St Peter, Repps-cum-Bastwick taken by David Faulkner in the spring 2021.

St Peter, Repps cum Bastwick

On the high ground overlooking the river Thurne, the tower is circular for three quarters of its height with an octagonal belfry. Both stages are of cobble flints and roughly coursed. The belfry has stone quoins with pointed lancet openings. The brick battlements are C15. The tower is circular internally to its full height, suggesting that the two stages were built together in C13.

The tower arch, just visible behind the font, is round headed. The church has a complex history. In his article in The Round Tower (June 2012), Stephen Hart suggests that there was a C11 church which was given a tower in C12. In the C13 the tower was replaced and the north door added: remnants of the earlier nave can be seen in the west nave wall. The church was extended in C14 with windows with decorated tracery and medieval bricks in the relieving arches over them. The porch is C16 or C17. The chancel was rebuilt in brick in C18. C15 font and brasses in the nave. Jack Sterry includes it in his 2007 book Round Tower Churches to the west, east and south of Norwich.  A guide is available at the church.

GRANT AWARD NEWS

St Peter’s, Repps cum Bastwick, was given a £3,000 grant in October 2019 to carry out a high-level investigation of the tower and also replace a lead-lined water spout. It was one of 17 in Norfolk on the “heritage at risk” register in October 2019.

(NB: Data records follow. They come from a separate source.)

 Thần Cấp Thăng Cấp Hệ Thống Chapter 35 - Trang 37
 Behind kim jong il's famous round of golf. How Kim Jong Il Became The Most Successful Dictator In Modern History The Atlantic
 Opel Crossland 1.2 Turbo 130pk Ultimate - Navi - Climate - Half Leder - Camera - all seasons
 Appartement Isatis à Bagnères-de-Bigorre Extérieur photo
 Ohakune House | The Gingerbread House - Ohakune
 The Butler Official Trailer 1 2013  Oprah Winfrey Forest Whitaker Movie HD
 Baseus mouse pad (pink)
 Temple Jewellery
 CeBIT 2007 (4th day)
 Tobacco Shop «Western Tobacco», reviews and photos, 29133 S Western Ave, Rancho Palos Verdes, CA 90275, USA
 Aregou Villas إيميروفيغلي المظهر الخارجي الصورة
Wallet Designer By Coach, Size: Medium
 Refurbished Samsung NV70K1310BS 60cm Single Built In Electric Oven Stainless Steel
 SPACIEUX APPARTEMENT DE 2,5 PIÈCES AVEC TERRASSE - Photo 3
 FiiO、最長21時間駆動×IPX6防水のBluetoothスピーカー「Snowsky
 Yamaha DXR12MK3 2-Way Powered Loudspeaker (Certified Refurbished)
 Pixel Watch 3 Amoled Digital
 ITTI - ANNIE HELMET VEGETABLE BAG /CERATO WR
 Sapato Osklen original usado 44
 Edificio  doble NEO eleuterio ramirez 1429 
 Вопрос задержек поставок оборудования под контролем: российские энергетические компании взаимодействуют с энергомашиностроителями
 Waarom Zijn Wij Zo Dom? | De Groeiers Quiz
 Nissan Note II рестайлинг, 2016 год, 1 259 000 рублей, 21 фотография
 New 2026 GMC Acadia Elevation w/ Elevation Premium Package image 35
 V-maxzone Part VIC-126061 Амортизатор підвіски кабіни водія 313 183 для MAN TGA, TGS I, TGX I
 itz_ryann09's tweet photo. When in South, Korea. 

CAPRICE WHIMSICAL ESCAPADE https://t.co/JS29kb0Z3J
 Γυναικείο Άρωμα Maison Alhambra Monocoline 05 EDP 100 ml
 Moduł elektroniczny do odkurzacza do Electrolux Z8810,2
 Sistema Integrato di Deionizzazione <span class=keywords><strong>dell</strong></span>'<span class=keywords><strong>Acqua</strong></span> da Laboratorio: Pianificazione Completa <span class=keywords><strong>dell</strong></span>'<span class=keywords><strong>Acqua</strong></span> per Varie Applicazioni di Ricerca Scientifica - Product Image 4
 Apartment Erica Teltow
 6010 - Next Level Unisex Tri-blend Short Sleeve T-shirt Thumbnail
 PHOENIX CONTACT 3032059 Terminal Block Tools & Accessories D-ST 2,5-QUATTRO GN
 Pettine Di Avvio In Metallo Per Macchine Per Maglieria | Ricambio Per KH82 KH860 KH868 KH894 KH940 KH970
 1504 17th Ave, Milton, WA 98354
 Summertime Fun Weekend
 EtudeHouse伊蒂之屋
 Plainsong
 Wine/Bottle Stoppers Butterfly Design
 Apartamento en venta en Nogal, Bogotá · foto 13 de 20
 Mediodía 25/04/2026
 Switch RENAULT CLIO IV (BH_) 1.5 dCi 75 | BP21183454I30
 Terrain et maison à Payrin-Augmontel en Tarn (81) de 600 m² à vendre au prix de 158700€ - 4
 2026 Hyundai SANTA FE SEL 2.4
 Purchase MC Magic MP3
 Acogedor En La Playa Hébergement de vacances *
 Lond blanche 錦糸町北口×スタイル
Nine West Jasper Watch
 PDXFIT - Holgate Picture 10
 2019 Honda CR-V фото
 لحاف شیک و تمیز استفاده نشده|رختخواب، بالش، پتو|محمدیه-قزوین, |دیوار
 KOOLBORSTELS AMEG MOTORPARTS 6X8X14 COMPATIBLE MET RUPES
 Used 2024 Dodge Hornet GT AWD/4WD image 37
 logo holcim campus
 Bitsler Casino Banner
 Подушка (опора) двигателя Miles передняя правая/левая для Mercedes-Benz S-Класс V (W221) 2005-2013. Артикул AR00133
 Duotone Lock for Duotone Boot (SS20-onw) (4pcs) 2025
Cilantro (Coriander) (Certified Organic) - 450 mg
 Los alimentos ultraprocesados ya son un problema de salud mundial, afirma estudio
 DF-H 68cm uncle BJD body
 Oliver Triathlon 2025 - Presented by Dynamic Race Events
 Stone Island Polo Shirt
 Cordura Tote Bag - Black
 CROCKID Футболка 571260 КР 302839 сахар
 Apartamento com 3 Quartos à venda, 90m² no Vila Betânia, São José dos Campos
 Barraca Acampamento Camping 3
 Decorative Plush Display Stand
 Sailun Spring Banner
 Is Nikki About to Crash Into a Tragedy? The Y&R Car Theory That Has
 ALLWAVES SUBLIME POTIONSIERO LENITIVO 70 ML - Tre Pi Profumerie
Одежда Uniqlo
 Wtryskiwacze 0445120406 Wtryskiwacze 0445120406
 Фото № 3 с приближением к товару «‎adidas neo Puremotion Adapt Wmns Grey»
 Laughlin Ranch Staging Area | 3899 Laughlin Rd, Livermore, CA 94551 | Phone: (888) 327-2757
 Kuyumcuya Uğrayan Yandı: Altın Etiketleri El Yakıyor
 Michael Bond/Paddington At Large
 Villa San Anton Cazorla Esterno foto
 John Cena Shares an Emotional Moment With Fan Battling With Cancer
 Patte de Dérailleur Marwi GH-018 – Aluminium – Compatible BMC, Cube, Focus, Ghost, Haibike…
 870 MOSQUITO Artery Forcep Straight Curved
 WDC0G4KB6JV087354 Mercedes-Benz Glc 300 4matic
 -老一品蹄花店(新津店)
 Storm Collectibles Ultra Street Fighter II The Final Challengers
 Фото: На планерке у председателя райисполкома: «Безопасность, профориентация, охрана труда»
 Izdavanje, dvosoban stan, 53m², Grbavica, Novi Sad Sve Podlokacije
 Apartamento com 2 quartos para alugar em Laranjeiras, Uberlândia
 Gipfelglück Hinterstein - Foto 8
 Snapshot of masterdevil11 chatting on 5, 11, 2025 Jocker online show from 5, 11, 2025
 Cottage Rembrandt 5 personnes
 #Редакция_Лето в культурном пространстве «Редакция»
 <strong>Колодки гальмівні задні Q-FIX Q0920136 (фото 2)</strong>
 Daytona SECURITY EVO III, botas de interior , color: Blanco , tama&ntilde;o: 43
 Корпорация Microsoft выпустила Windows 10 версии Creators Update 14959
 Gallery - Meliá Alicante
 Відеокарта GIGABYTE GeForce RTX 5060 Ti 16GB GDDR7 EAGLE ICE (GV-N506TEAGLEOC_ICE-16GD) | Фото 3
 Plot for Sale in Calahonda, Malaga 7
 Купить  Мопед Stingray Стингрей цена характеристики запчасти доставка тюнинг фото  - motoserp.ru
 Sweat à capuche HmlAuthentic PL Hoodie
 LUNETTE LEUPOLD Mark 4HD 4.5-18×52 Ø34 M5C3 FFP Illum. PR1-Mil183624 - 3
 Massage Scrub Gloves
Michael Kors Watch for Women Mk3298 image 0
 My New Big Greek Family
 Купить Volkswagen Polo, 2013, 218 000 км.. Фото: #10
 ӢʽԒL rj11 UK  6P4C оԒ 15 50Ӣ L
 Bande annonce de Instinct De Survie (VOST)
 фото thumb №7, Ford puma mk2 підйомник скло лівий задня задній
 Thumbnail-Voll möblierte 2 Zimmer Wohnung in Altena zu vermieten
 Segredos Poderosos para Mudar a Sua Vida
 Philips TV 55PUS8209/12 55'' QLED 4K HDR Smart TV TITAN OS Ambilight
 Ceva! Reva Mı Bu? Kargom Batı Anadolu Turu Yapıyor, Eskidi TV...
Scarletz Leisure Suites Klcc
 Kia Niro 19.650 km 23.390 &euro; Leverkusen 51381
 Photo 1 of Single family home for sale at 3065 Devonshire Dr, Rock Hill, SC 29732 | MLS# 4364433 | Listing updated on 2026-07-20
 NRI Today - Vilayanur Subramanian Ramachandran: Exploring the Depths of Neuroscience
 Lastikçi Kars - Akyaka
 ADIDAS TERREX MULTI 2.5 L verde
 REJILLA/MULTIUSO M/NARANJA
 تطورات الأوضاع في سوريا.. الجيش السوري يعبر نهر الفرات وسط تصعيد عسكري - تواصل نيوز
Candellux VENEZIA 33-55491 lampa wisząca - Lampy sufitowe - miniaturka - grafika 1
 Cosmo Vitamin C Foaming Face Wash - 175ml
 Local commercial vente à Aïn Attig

The high-level inspection was carried out in May 2022 and a full report from the architect Iain Walker, of Spire, is awaited. (See story below)

St Peter & St Paul, Repps cum Bastwick, near Acle, which needs total repairs of £162,000, will use the latest grant to prevent further serious damage to the tower by fitting replacement water spouts.

Sally Mitchell, who has been a churchwarden for the past 20 years, said that the Society’s grant will help to pay for repairs which will throw water away from the tower.

However, having been twice turned down for national heritage grants, the medieval church needed to raise significant funds to complete the rest of the conservation works.